PROVIDED DATA =>

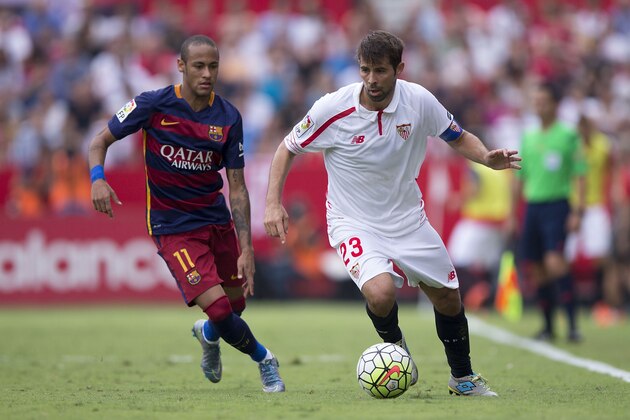 SEVILLE, SPAIN - OCTOBER 03: Jorge Andujar Moreno alias Coke (R) of Sevilla FC competes for the ball with Neymar JR. (L) of FC Barcelona during the La Liga match between Sevilla FC and FC Barcelona at Estadio Ramon Sanchez Pizjuan on October 3, 2015 in Seville, Spain.  (Photo by Gonzalo Arroyo Moreno/Getty Images)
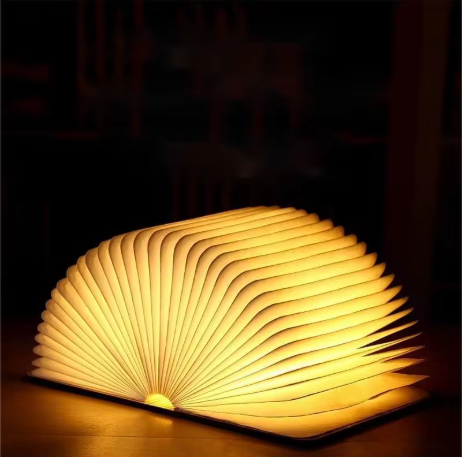 Magic Wooden Book Lamp – 360° Foldable USB Reading Light with Soft Glow & Long Battery Life for a Cozy Home Ambience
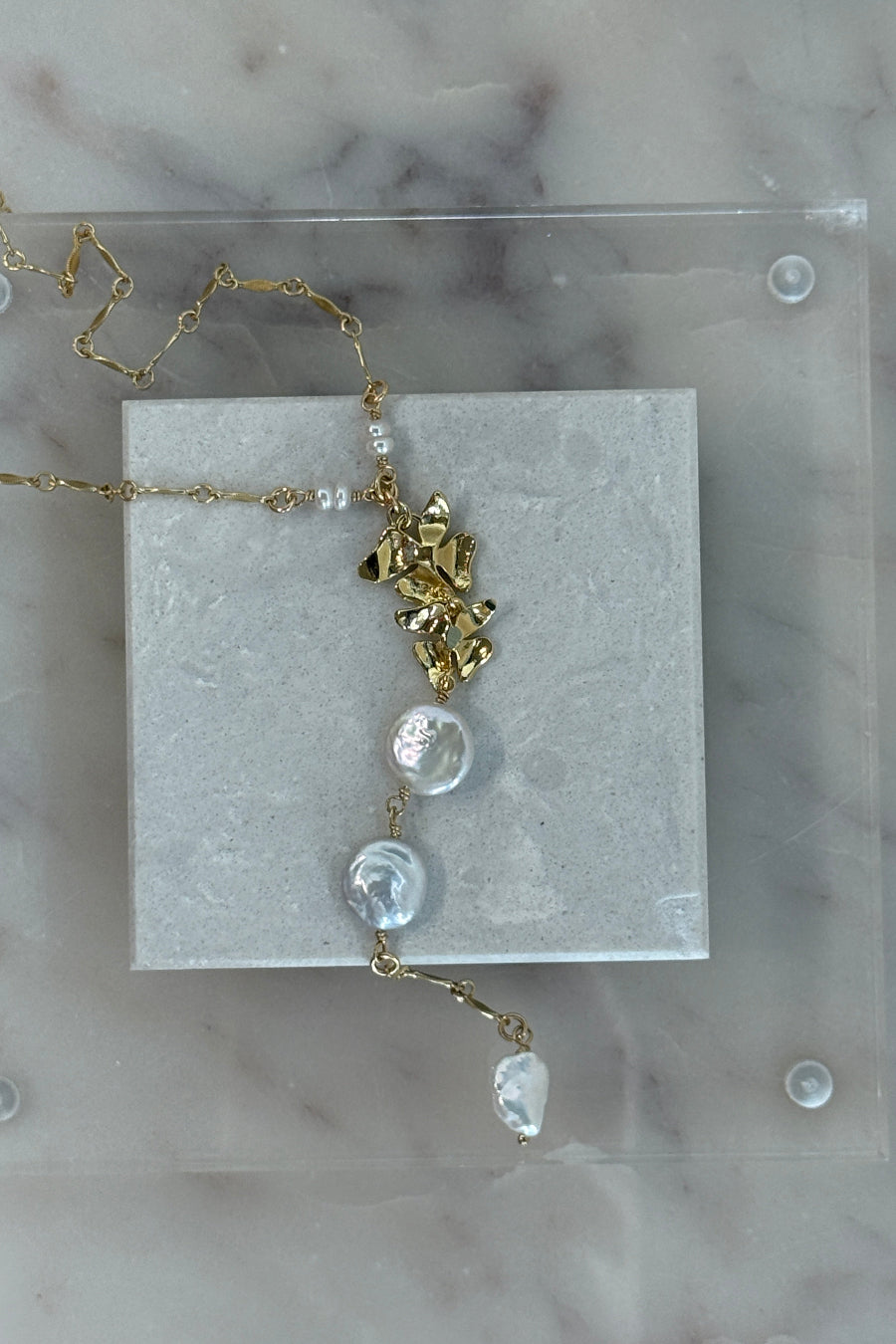 .Floral & Pearl Y Necklace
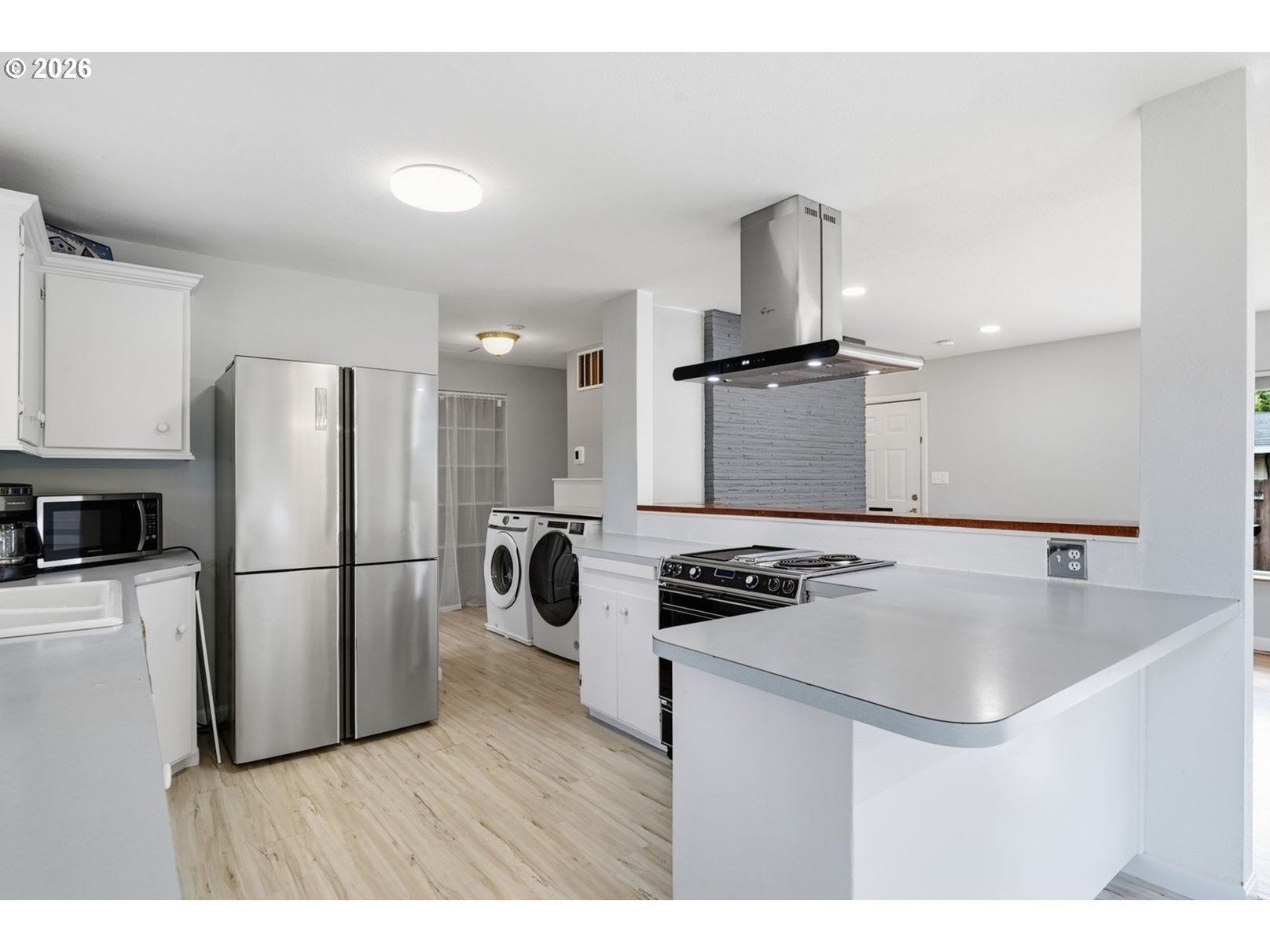 2111 C St Property Photo 11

PROBLEM => For this copy, leave pictures out and reproduce the lines from the one bearing "Pearl Y Necklace" through the final line of the listing above, both ends included.

RESPONSE AREA =>
 .Floral & Pearl Y Necklace
 2111 C St Property Photo 11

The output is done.